Für Ministerpräsident Stephan Weil (SPD), der am «Autogipfel» teilnahm und im VW-Aufsichtsrat sitzt, bedeuten die Beschlüsse zum Ladenetz-Ausbau «einen Schritt vorwärts». Auch er betonte jedoch, dass man die Ziele höher hätte ansetzen können: «Ich hätte mir persönlich ein deutlich ambitionierteres Vorgehen gewünscht. (...) Wer ein Elektrofahrzeug hat, möchte es auch überall unkompliziert aufladen können.» Die Branche stehe vor «ganz entscheidenden Jahren».
Die SPD-Fraktion im Landtag schloss sich dem an. Es gehe in die richtige Richtung, das bisher Vereinbarte reiche jedoch nicht aus. Grünen-Fraktionschefin Anja Piel erklärte, Weils Kritik sei verständlich: «Umso wichtiger wäre es, dass
SPD und
CDU in Niedersachsen endlich aktiv werden. Wir brauchen ein klares Zukunftsbild für die Mobilität.»
FDP-Fraktionsvize Jörg Bode dagegen meinte: «Die einseitige Bevorzugung von E-Mobilität ist ein fatales Signal.» Man werde so «weder den
Klimaschutz vorantreiben noch den Arbeitsplatzabbau in der Automobilbranche verhindern».
Volkswagen trägt die Beschlüsse zu höheren Kaufprämien für Elektro- und Hybridautos sowie zum Netzausbau mit. Dabei hätte man durchaus ehrgeiziger sein können, erklärte auch der Wolfsburger Konzern: «Es bedarf weiterer erheblicher Anstrengungen aller Beteiligten, um das Netz bis 2030 wie geplant auf eine Million Ladepunkte auszubauen.»
Die Förderung privater Ladeinfrastruktur müsse man ebenfalls im Blick behalten. «Der dafür vorgesehene Betrag von 50 Millionen Euro ist aus unserer Sicht bei weitem nicht ausreichend.»
In Niedersachsen ging es mit der Erweiterung des Ladenetzes zuletzt nur langsam voran. Bis Juli hatte sich die Zahl der Ladesäulen für E-Autos im Land nach Angaben der Bundesnetzagentur auf 852 erhöht, im April waren es 742 Stück. Das Rathaus in Hannover begrüßte die Berliner Ergebnisse.
Nötig sei aber auch ein prinzipielles Umdenken: «Die Förderung alternativer Mobilitätskonzepte darf grundsätzlich nicht vernachlässigt werden, um die Klimaschutzziele 2030 hinsichtlich der Senkung des CO2-Ausstoßes noch erreichen zu können.»

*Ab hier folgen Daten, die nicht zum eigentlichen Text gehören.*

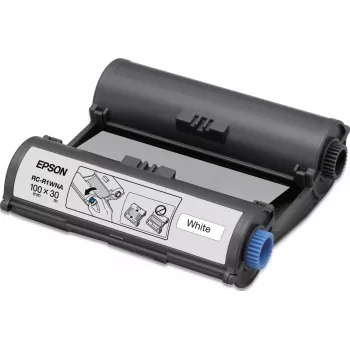 Nastro Epson RC-R1WNA 100 mm bianco per LabelWorks Pro100, 30 m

In der Landeshauptstadt beteiligt sich der Versorger Enercity. «Die Ladeinfrastruktur für E-Mobilität auszubauen, ist dringend erforderlich, sollen die CO2-Ziele erreicht werden», sagte Vorstandschefin Susanna Zapreva. Man übernehme landesweit bereits etwa 500 Ladepunkte.
Der Oldenburger Energiekonzern EWE berichtete, innerhalb des vergangenen Jahres habe man die Zahl mit der eigenen Mobilitätsfirma Waydo um mehr als die Hälfte gesteigert. Bis Ende 2020 seien im Nordwesten Niedersachsens rund 1.000 Ladepunkte geplant.